An hour passes, then a second. I struggle to keep pace as I absorb Bryn’s blisters and cramping muscles on top of my own. Yet she has no patience for me and I refuse to beg her favor. If she doesn’t stop, I won’t, either.

Finally, the cliffs that frame the river begin to fragment as the landscape opens. Forgoing the thinning, brackish water, we pull ourselves onto a narrow shelf of granite that cuts through a boggy tributary. A thick, sulfurous odor burns my eyes and makes my head throb, and a ribbon of gold flickers to the east, belching up plumes of acrid smoke that turn the sky gray.

The Burn.

Fear shivers through me, despite its distance. A lifetime of warnings race through my head and I stare, both transfixed and repulsed by the way it shimmers and moves.

Something else is moving, closer to us. People.

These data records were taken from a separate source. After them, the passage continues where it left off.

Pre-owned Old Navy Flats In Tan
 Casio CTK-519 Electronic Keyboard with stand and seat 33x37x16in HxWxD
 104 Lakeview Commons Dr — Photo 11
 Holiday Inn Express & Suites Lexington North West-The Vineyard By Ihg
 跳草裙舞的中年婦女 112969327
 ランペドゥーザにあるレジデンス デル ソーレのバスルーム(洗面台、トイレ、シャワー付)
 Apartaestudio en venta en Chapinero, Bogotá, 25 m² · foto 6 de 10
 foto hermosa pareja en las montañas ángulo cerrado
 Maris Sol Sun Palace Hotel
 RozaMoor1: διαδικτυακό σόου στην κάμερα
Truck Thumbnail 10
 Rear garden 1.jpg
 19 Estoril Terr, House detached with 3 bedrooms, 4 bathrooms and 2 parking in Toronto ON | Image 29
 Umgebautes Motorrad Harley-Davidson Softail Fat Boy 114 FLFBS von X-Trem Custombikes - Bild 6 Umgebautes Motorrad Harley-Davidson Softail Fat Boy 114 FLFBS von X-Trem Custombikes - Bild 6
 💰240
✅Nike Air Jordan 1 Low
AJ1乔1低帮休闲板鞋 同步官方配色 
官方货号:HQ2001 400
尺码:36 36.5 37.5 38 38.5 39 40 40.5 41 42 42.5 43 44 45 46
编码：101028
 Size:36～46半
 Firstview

I watch, incredulous, as figures drift through the mud, bending over shallow pools of water as they dig. They’re bundled in rags and carrying wide baskets strapped to their backs, communicating less with words and more with barks and hisses as they brandish what they find. Clothing. A fistful of matted hair the color of honey. An arm trailing ribbons of sinew. Like the pawnbrokers on the roofs of the Brim, trash becomes their newfound treasure and they hoard it all. Small, bony children guard several carts, warding off packs of mangy dogs with sticks. Yet other than the mud on their clothes and the strange way they speak, they look normal, not at all twisted or destroyed by the Burn that edges the horizon.

Avinea has survived.

A woman slogs toward us, pressing her weight into the edge of the rocky outcropping we stand upon. “Pretty,” she coos, gesturing us closer. “Here, pretty, pretty, pretty.” Dark veins map her face, full of dead magic and thickened blood.

The plague.

I recoil into Bryn, heart slamming in my chest. Is it airborne? Will it spread through the water, through mud? Am I already infected? The phantom itch of an invisible disease crawls over me and I press the sleeve of my coat to my mouth, terrified.

“Pretty,” the woman whispers, stretching for my foot.

“Two lost souls strayed from the herd,” a voice says as I sidestep the woman’s reach. I spin to see a man flashing a smile, emerging behind a pile of rocks. He’s older, with a face full of blisters and scabs that ooze poisoned blood. Mud cakes his boots, up to his knees, and he wears layers of clothes, everything ill-fitting. Like the woman, he carries a woven basket on his back. A pale arm dangles over the edge, the skin loose and bloated, falling off the bone.

“Where did you come from?” The man’s eyes are greedy when he looks at Bryn.

“Mine,” the woman whispers below us. “Mine, Fanagin, mine-mine-mine. I saw them first.”

“Shut up,” the man, Fanagin, says, kicking a rock at her. She flinches, ducking her head out of view.

“Mine,” she repeats, more sullen than before.

“Yours if you can catch them,” Fanagin says.

“Run,” I say.

Bryn doesn’t even argue. We follow the outcropping as far as it stretches, toward dry land in the distance. But Fanagin’s interest has sparked the interest of others and they begin to circle, drawing closer, and I begin to slow, fighting through Bryn’s exhaustion as well as my own.

My foot catches in a divot and I trip off the rock, landing knees and elbows deep in the mud below. Bryn throws a look back but continues moving, her red hair flying behind her. Two boys with flaking skin chase after her as I crawl forward, regaining my feet.

But the seventh heir of Brindaigel is not used to running the streets of the Brim or scaling rooftops to see the stars; she’s already winded, and I struggle to catch my breath, lungs burning with the labored effort. Fanagin drops into the mud beside me and my fear of the plague outweighs my aim. I swing my fist wild, missing him by inches.

Stumbling back, I ball the sleeves of my coat over my hands and flip the collar up against my throat. Meager protection, but better than nothing.